[Start of section]
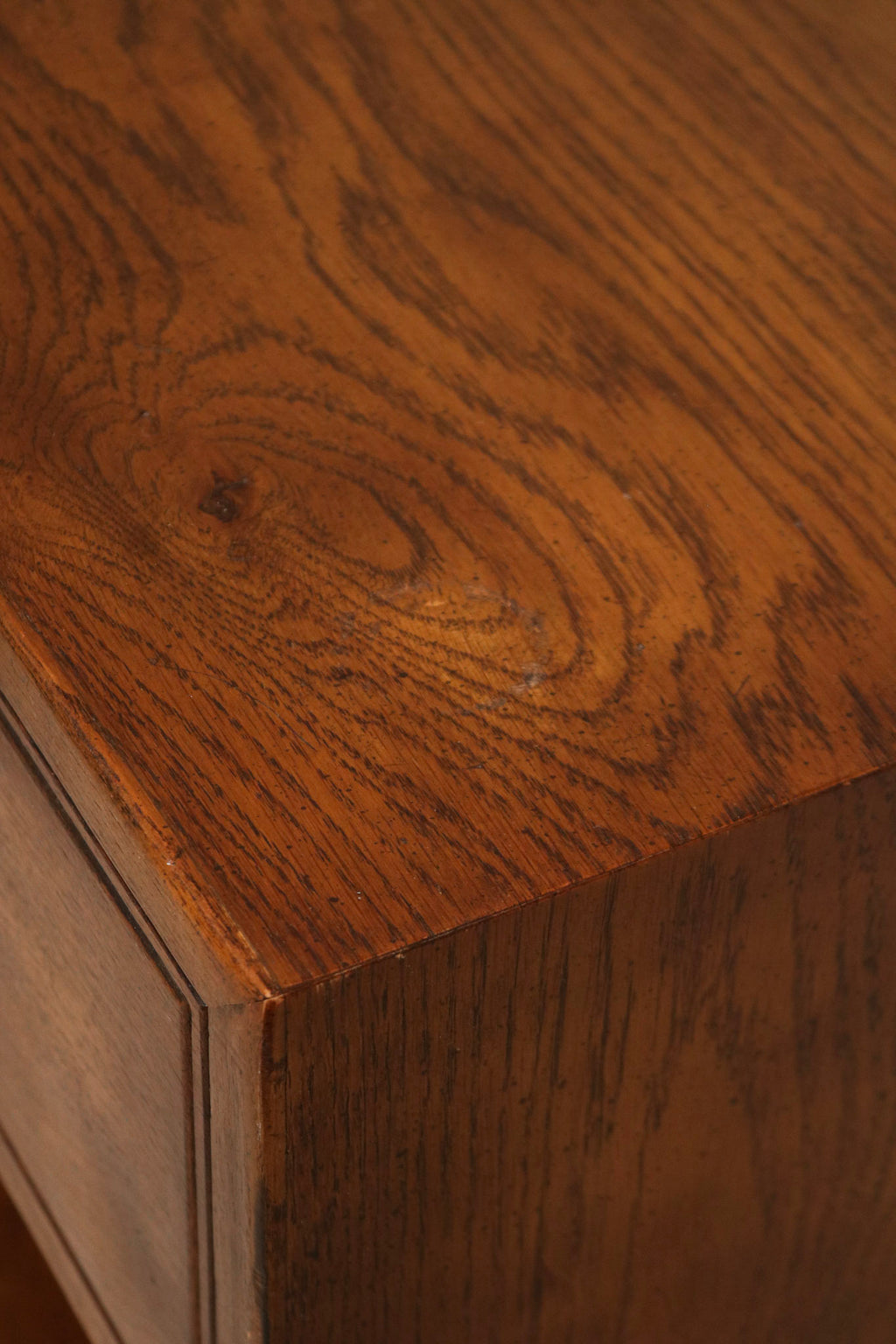 Detail of drawer front and brass knob on Vintage Mcm Oak Nightstand, highlighting solid wood construction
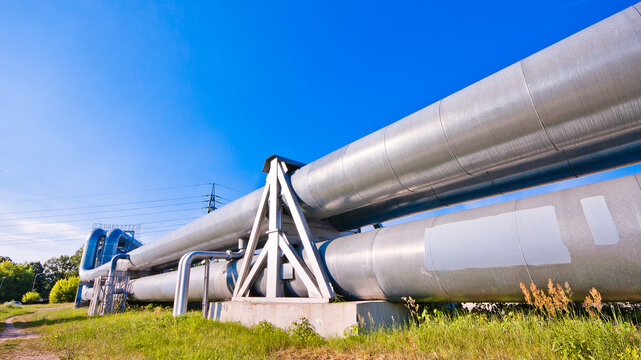 A close-up of a pipeline, with a blue sky and a power transmission tower in the background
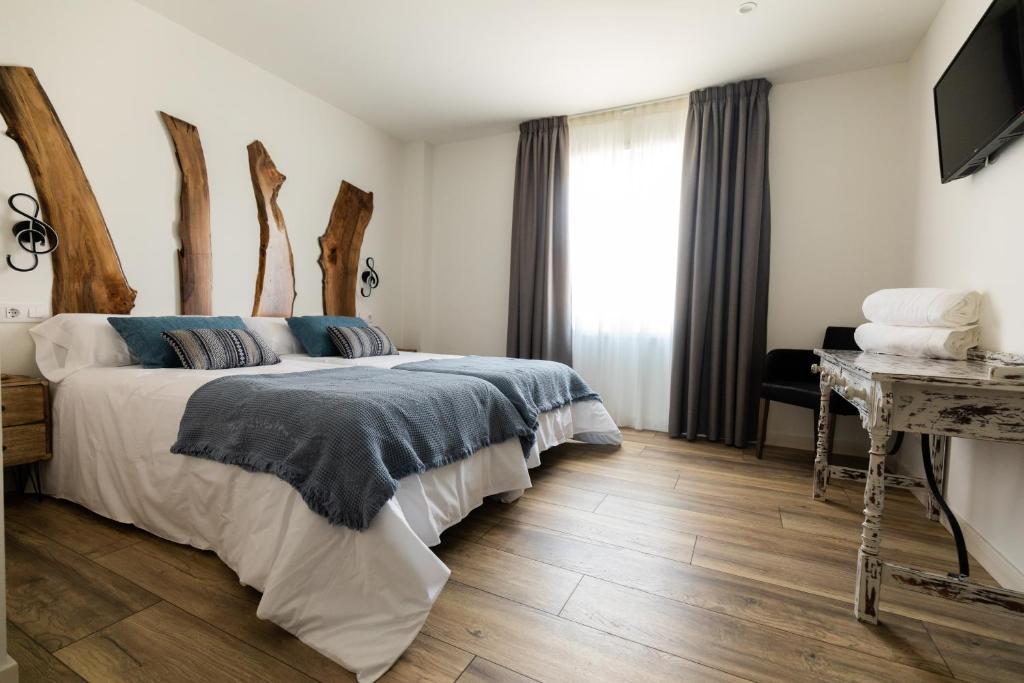 Postel nebo postele na pokoji v ubytování Hotel rural Finca Vivaldi Nature & Spa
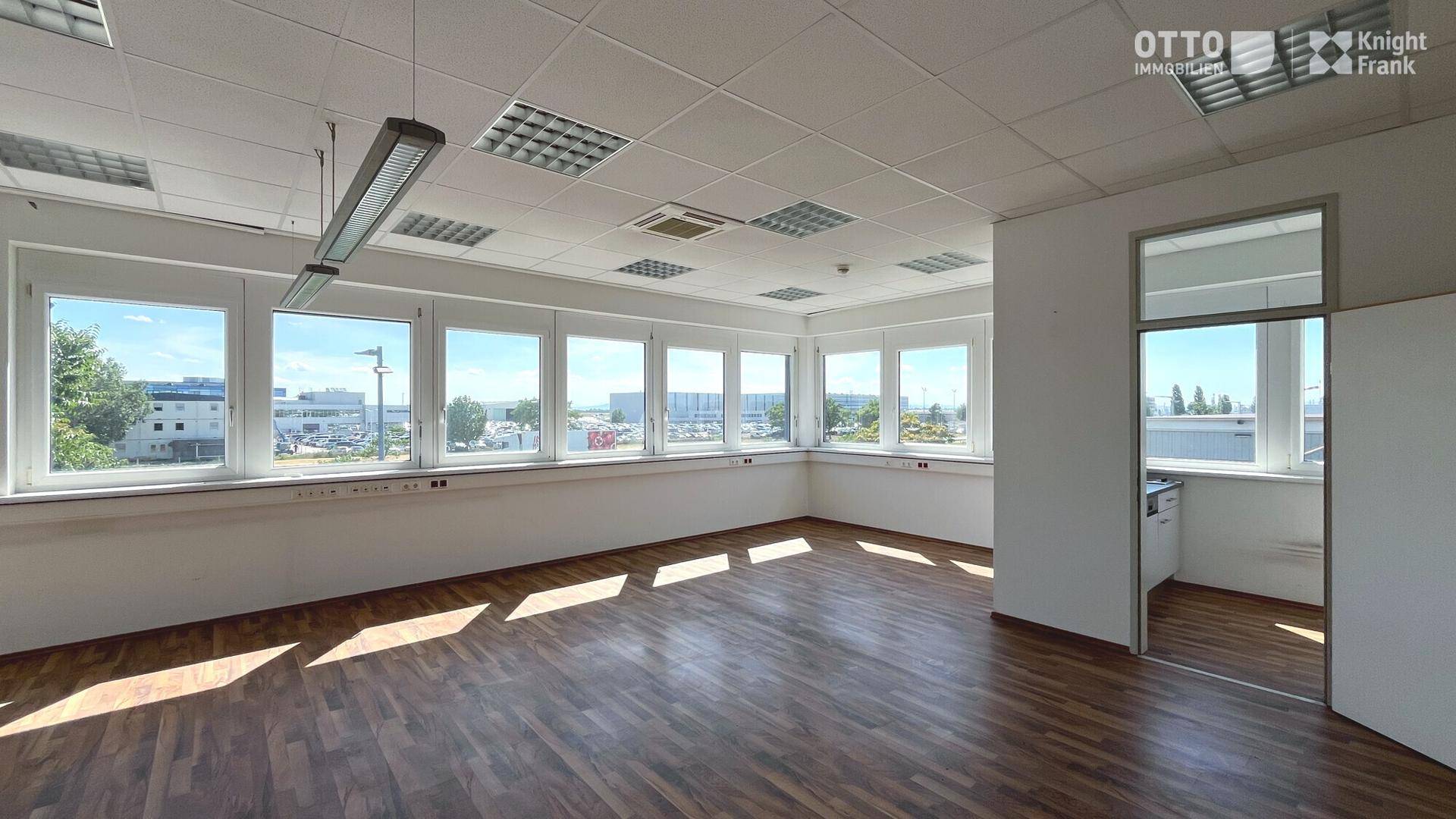 Heller Büroraum mit Laminatboden und einer Fensterfront, die den Blick nach draußen freigibt.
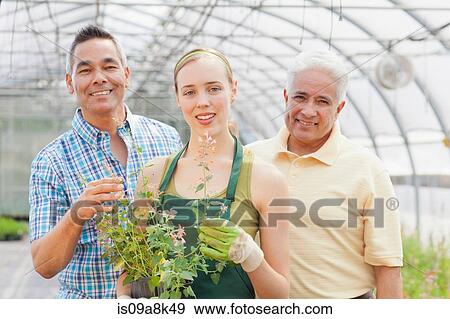 Senior, mature man and mid adult woman in garden centre, portrait View Large Photo Image Stock Photo - Senior, mature man and mid adult woman in garden centre, portrait. Fotosearch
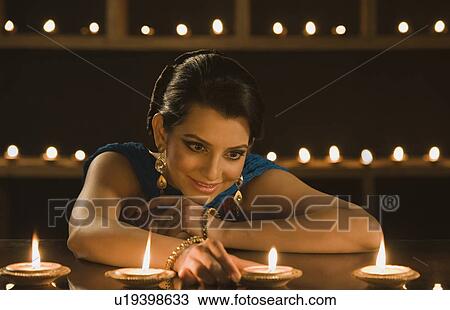 Woman decorating oil lamps in Diwali festival View Large Photo Image Stock Image - Woman decorating oil lamps in Diwali festival. Fotosearch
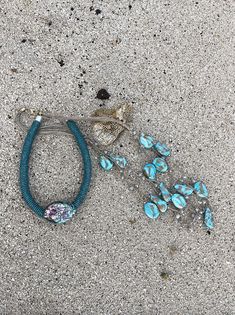 ~ Appx 39" long with a 2" extender ~ Lobster clasp closure ~ 3 strands of turquoise like beads ~ Glass like beads ** Handle with care Abalone Necklace, Handle With Care, High Tide, Green Crystal, Oval Pendant, Shell Pendant, Endless Summer, Green Crystals, The High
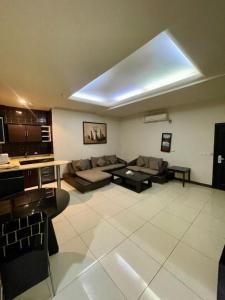 a living room with a couch and a table at Quiet Rooms 8 Serviced Apartments in Riyadh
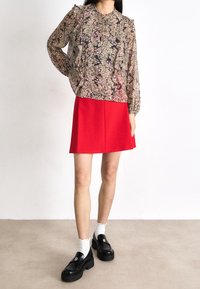 Blusa lunga trasparente con motivo floreale e ruches, abbinata a una gonna A-line rossa. Il modello indossa mocassini neri con calzini bianchi.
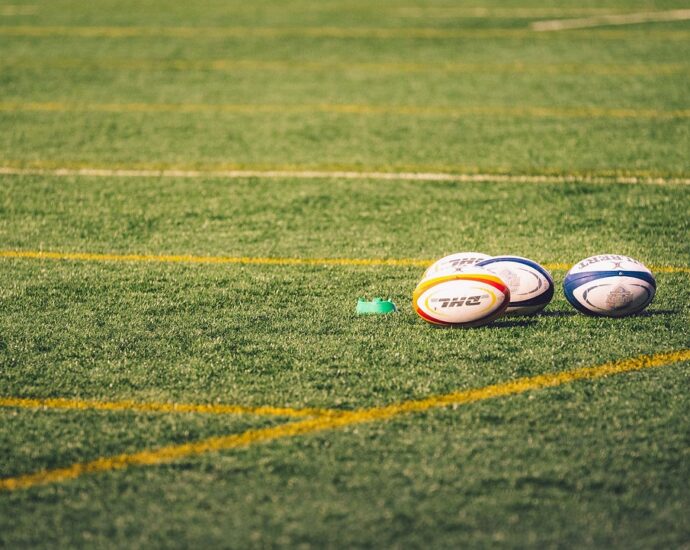 Image shows three rugby balls on a pitch.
[End of section]
Everything above from the line that has "centre, portrait. Fotosearch" down to the line that has "Woman decorating oil lamps in Diwali festival View" should be output exactly, with both of those lines included. Leave the pictures behind.

**WORKED SOLUTION**
 Senior, mature man and mid adult woman in garden centre, portrait View Large Photo Image Stock Photo - Senior, mature man and mid adult woman in garden centre, portrait. Fotosearch
 Woman decorating oil lamps in Diwali festival View Large Photo Image Stock Image - Woman decorating oil lamps in Diwali festival. Fotosearch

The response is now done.